Vandinter v. AMERICAN STEAMSHIP COMPANY

387 F. Supp. 989 | W.D.N.Y. | 1975

387 F. Supp. 989 (1975)

Robert J. VANDINTER, Plaintiff,
v.
AMERICAN STEAMSHIP COMPANY, Defendant.

No. Civ-72-378.

United States District Court, W. D. New York.

January 30, 1975.

*990 Harrison, Gruber & Gaughan, Buffalo, N. Y., for plaintiff; Fenton F. Harrison, Buffalo, N. Y., of counsel.

Cadwalader, Wickersham & Taft, New York City, William S. Busch, New York City, of counsel, Heffernan, Sweet & Murphy, New York City, James P. Heffernan, Buffalo, N. Y., of counsel, for defendant.

DECISIONAL MEMORANDUM

ELFVIN, District Judge.

This action was brought to recover for personal injuries allegedly brought about by the negligence of the defendant under the Jones Act and/or by the unseaworthiness of the defendant's boat. Joined with said cause or causes of action was one for maintenance and cure allegedly due the plaintiff while he was disabled by said injuries.

The parties have stipulated that the Court himself should decide the amount, if any, of maintenance to which the plaintiff may be entitled. (The plaintiff withdrew his claim for cure inasmuch as the whole of the past cost of the same has been paid by the United States Public Health Service.)

The evidence showed that the accident was brought about, in part, by contributory negligence on the part of the plaintiff. It is well settled, however, that contributory negligence is no bar to a seaman's right to recover for maintenance in the absence of willful misbehavior or willful misconduct, such as willful disobedience of orders or intoxication. Upon considering all of the evidence, the Court finds that the defendant has failed to carry its burden of proving that the plaintiff was guilty of such willful disobedience of orders as would bar maintenance and, while there was a clear showing that the plaintiff had imbibed alcoholic beverages while on shore leave shortly before the accident it also was clearly demonstrated that he was not drunk or intoxicated.
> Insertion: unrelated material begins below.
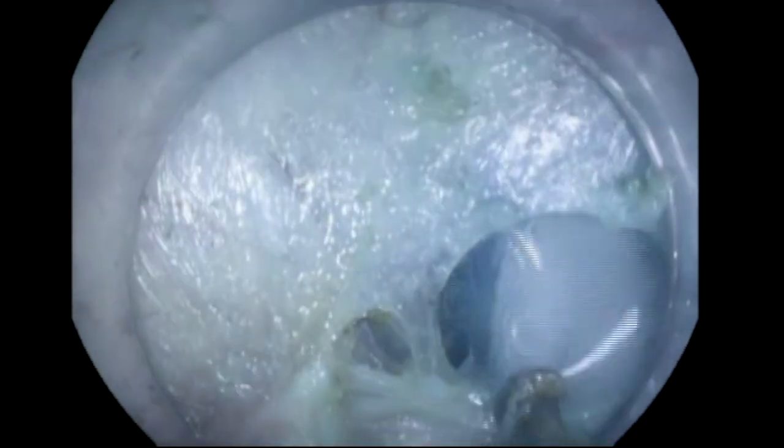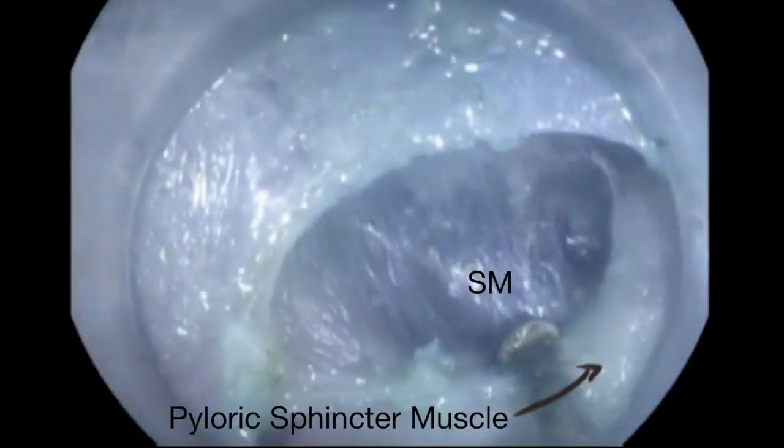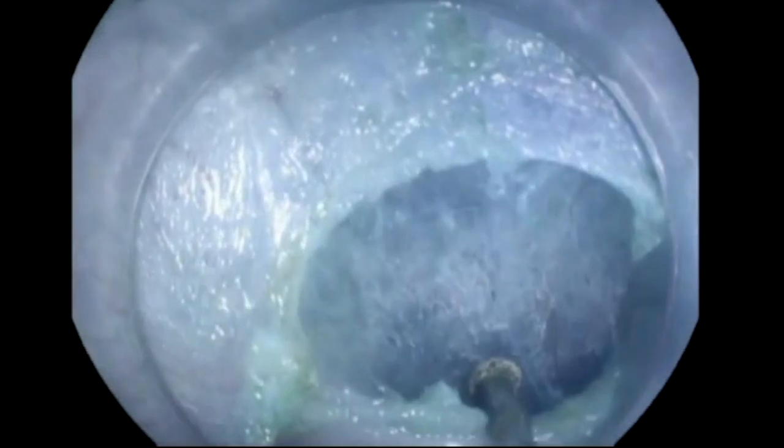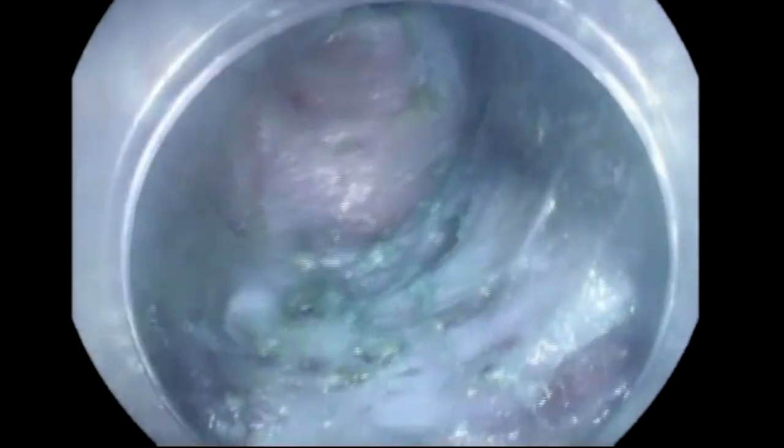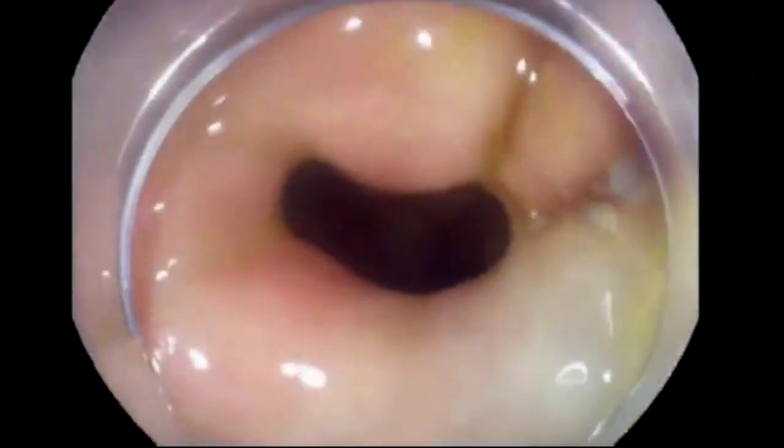The other side, as we see now, is the duodenal submucosa, and the moment I inject water there you can see the expansion — similar to when you are doing a POEM and go beyond the GE junction, it opens up. That's the pyloric sphincter muscle, as you see here, and that's the submucosa. So we know our anatomy very well. We come outside and confirm that we're already beyond the pylorus, as we see here.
See, Aguilar v. Standard Oil Co., 318 U.S. 724, 63 S. Ct. 930, 87 L. Ed. 1107 (1943).

The parties have stipulated that, if any sum is found to be due the plaintiff for maintenance, it should be at the rate of $8.00 for each day. The Court has determined that the plaintiff was entitled to maintenance for a total of 76 days that is, from October 16, 1971 (the date of the injury) until February 26, 1972 (the date when the doctors at the Public Health Services Hospital in New Mexico pronounced him fit for duty and issued a slip to that effect), less the time that the plaintiff was a patient in Public Health Hospitals in Green Bay, Wisconsin and Staten Island, New York. He had by the latter date attained the maximum cure. While the finding by the New Mexico hospital on February 26, 1972 that the plaintiff was fit for duty is not binding upon the finder of facts, Koslusky v. United States, 208 F.2d 957, 959 (C.A.2d, 1953); Diniero v. United States Line Company, 185 F. Supp. 818, 820 (S.D.N.Y., 1960), affd. 288 F.2d 595 (C.A.2d, 1961), it is highly persuasive that maximum cure for the disability obtained. The plaintiff says that he continued to experience pain and, although the evidence was conflicting on this issue and others, he may have. Nevertheless, he returned to his work on March 6, 1972 (apparently the earliest date of such return even if the plaintiff never had been injured) where he performed all assigned duties in an industrious and eminently satisfactory fashion and took on more than the average amount of voluntary overtime work. Also, the plaintiff had, for reasons best known to him, declined to undergo an operation which had been recommended and scheduled by his physician and which would have eliminated the pain. Ruppe v. Waterman Steamship Corporation, 142 F. Supp. 208, 210 (D.C., E.D.N.Y., 1956). Thus the total fixed as the amount due plaintiff for maintenance is $608.00. Interest thereon has not been demanded. Costs are not allowed to the plaintiff because it is this Court's finding that the totality of the circumstances attending this accident — particularly as those were made *991 known to the employer by its prompt investigation — do not show that callous disregard of the general obligation to pay maintenance which would warrant assessing all or part of the costs against the employer.

This determination is, of course, without prejudice to any right of the plaintiff to additional maintenance and cure as a result of any further disability due to the injuries sustained in the accident which was the subject matter of the instant action. See, Calmar S.S. Corp. v. Taylor, 303 U.S. 525, 531, 58 S. Ct. 651, 82 L. Ed. 993 (1938).

This memorandum is in lieu of findings of fact and conclusions of law. Prepare and submit judgment.